Published in Graphics

Koduri outlines the state of the Arc

by on18 February 2022


We have got two animals but this might take longer than 40 days and nights 

Raja Koduri, Intel’s SVP and GM of the Accelerated Computing Systems and Graphics (AXG) Group delivered an update on the state of Intel’s first generation of Arc graphics and it looks like that it will be a long time before we see anything.

The former AMD GPU cheerleader confirmed that while Intel will indeed ship the first Arc mobile products in the current quarter, desktop products will not come until the second quarter. Intel is now projecting that they’ll ship 4mil+ Arc GPUs this year.

This confirmed some earlier suspicions that Chipzilla would get its mobile Arc products out before their desktop products. Desktop products will now follow in the second quarter of this year, a couple of months behind the mobile parts. And finally, workstation products, which Intel has previously hinted at, are on their way and will land in the third quarter.
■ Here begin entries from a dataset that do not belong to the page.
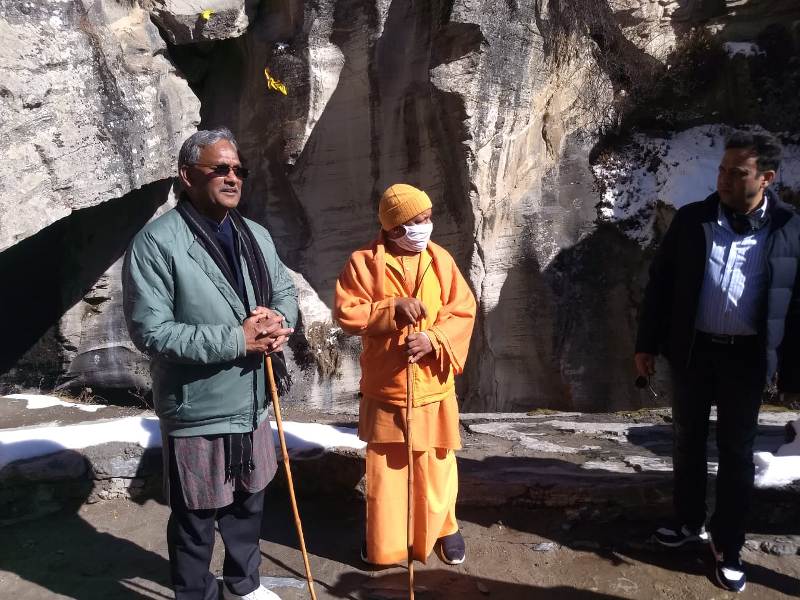 UP Chief Minister Yogi Adityanath today visited Badrinath shrine and Mana village.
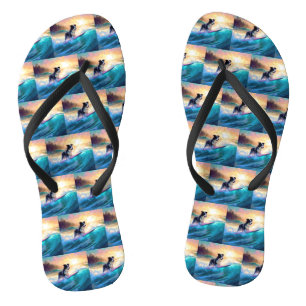 Border Collie Beach Surf Malerei Flip Flops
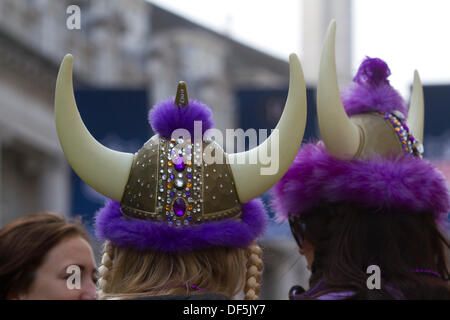 London, UK. 28th Sep, 2013. Minnesota fans with viking helmets as Regent street was closed for an American style block party ahead of the NFL game between the Minnesota Vikings and Pittsburgh Steelers which will be played at Wembley stadium on sunday september 29. Credit:  amer ghazzal/Alamy Live News Stock Photo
Koduri did not provide further details as to why Intel has its much-awaited Arc Alchemist architecture-based desktop products trailing their mobile products by a quarter. The Alchemist family is comprised of two GPUs and it might be that Intel is farther ahead on manufacturing and delivering the smaller of the two GPUs, which would be best suited for laptops.

It is equally possible that Intel wants to focus on laptops first since it would allow them to start with OEM devices, and then expand into the more complex add-in board market a bit later. It means that we will not get the chance to see how Intel’s first high-end GPU architecture fares, against the top end from Nvidia or AMD for a while.
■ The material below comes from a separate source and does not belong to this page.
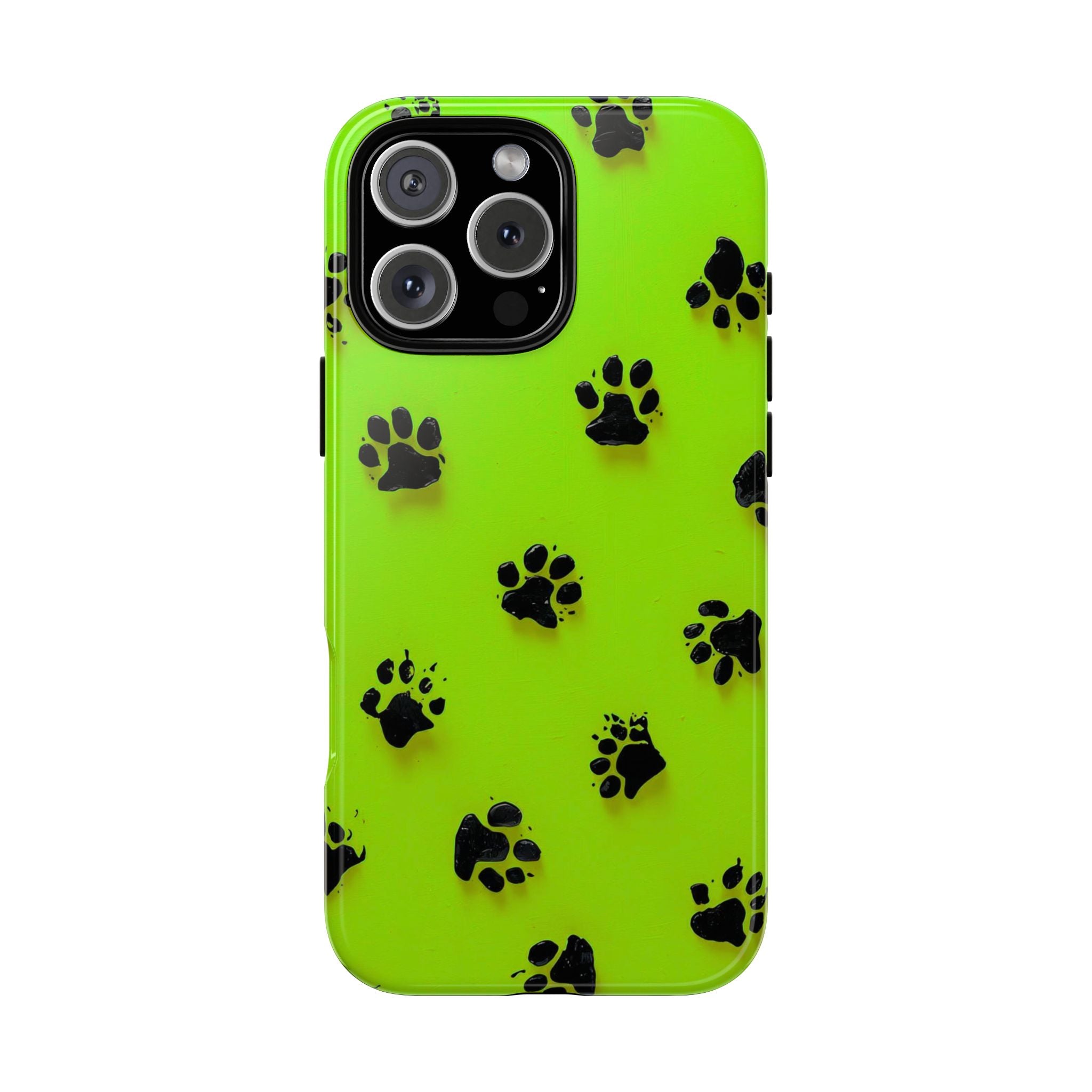 Neon Paw Print Tough Phone Case — Shockproof Pet Lover iPhone Cover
Intel is expecting to ship over four million GPUs in 2022 which shows the low volume of Alchemist chips that Intel is expecting to flog. Assuming AMD and NVIDIA deliver as many chips in 2022 as they did in 2021, Intel will be adding at most no more than another 10 per cent to the overall volume of GPUs sold.

Along with the update on Alchemist, Koduri’s presentation also offered a brief update on Celestial, Intel’s third Arc architecture. Celestial is now under development, and at this point, Intel is expecting it to be their first product to address the ultra-enthusiast market.

GPUs based on the Celestial architecture are expected in the “2024+” timeframe so Chipzilla can't say if they will 2024 or 2025 products, or if the world will have melted down in the heat death of the sun by that point.

Between Alchemist and Celestial is Battlemage, the second of Intel’s Arc GPU architectures which now is expected between 2023-2024. Intel expects the architecture to improve performance over Alchemist to the point where Battlemage will be competitive in the enthusiast GPU market – but not quite reaching the ultra-enthusiasts level.

This means that Battlemage will be the first Arc GPU architecture to make it into Intel’s CPUs. Chipzilla wants it as a tile on Meteor Lake CPUs, making this the crossover point where Intel’s current Xe-LP GPU architecture is retired.